Vitor explica que Jacarepaguá, bairro que mais ganhou moradores em números absolutos, também é um local de fuga das elites, por essa classe buscar condomínios fechados. Por outro lado, de acordo com ele, Jacarepaguá possui um lado popular que atende às necessidades dos ex-habitantes da Zona Norte. Jacarepaguá é o quarto bairro com maior dimensão territorial no Rio de Janeiro, facilitando o deslocamento populacional para essa região. 

Jorge Artur, presidente da Associação de Moradores e Comerciantes de Vila Isabel, acrescentou que a busca por condomínios foi um fator central para entender a saída de pessoas da Grande Tijuca. Ele disse que: “Os empreendimentos que existem aqui, em Vila Isabel, não são iguais aos que existem na Zona Oeste, porque os terrenos são mais limitados”. Pois, segundo o presidente da associação, a Zona Oeste teria uma vantagem na dimensão territorial. 

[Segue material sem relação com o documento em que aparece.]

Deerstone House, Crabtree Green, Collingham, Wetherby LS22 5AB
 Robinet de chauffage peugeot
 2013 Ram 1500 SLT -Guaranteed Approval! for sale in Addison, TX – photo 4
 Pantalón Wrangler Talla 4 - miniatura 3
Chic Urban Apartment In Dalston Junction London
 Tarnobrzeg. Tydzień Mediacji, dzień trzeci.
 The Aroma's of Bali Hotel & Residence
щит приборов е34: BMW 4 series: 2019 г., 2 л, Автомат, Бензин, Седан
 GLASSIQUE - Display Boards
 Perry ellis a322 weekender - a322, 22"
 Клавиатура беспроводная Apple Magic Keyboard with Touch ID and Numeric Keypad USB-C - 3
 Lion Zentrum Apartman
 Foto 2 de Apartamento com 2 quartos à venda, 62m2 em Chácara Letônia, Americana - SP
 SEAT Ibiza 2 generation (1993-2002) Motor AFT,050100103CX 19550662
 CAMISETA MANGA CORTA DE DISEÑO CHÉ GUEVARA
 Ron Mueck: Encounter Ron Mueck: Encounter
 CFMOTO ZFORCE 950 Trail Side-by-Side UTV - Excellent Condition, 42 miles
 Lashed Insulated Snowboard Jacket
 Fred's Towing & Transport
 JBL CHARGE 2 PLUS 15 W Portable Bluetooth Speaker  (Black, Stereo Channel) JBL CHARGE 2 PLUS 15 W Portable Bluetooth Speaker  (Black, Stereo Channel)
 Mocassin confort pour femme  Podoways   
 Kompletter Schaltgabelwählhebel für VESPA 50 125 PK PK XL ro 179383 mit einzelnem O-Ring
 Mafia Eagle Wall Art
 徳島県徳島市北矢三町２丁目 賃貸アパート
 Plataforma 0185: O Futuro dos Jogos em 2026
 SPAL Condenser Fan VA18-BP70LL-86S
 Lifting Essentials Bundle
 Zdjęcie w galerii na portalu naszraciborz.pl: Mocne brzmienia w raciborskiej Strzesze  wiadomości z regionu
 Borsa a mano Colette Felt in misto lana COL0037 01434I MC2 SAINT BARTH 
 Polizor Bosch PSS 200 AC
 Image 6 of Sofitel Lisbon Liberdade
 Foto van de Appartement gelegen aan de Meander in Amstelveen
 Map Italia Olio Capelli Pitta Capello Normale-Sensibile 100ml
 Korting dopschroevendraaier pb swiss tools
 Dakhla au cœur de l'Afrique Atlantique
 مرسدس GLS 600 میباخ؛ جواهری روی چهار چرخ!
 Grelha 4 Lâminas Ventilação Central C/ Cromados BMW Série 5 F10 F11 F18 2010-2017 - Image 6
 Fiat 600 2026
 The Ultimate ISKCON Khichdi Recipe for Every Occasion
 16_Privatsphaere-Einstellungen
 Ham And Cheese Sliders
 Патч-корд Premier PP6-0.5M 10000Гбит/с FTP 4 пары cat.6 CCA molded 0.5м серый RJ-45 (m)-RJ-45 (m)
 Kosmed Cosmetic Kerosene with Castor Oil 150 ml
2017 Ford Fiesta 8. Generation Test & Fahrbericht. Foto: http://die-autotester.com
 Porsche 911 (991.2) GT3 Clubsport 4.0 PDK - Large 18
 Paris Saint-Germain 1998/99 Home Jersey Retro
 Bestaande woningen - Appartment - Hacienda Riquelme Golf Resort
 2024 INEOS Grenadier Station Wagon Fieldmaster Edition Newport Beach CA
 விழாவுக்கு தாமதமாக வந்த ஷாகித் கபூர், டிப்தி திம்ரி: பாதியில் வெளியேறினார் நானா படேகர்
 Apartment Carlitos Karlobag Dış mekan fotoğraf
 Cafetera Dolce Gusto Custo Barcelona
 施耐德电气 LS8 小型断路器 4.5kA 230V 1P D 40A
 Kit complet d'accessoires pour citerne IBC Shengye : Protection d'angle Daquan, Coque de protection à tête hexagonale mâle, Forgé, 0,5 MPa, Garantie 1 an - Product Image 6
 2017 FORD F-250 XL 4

A Zona Norte sofreu um aumento nas taxas de criminalidade nos últimos anos. De acordo com levantamentos do Instituto de Segurança Pública (ISP), os furtos aumentaram quase em 100% nos bairros da Grande Tijuca em 2022. Os roubos, no estudo do mesmo ano, tiveram um acréscimo em quase 50%. Porém, para Jorge, “a criminalidade está em toda parte”. Por isso, o aumento do crime não seria o único motivo para explicar o esvaziamento da Zona Norte, segundo ele. 

Jorge Artur afirma que a associação de moradores é responsável por 19 projetos sociais e atende cerca de 400 pessoas, mas ainda é necessária a implementação de políticas públicas na região para evitar o deslocamento dos habitantes para outras partes da cidade. Ele cita os roubos no entorno da Uerj e a formação de comunidades de moradores de rua no Maracanã como situações que precisam da atuação da Prefeitura e do Governo do Estado do Rio de Janeiro. “Tudo isso contribui para que tenha uma população tentando migrar para lugares que julgam ser seguros”, conclui Jorge. 

Associação de Moradores e Comerciantes de Vila Isabel / Reprodução: Facebook




Jorge destacou o papel da associação de moradores no apoio às comunidades da Grande Tijuca. “Precisamos fazer nossa parte para ter um mundo melhor”, ele reforça. A Associação de Moradores e Comerciantes de Vila Isabel foi responsável pela retirada de 85 caminhões de lixo no prédio onde está a atual sede da associação, além de desenvolver outros projetos sociais na área da saúde e da educação. Jorge pontuou que: “Foi a união de várias pessoas que quiseram fazer o melhor”.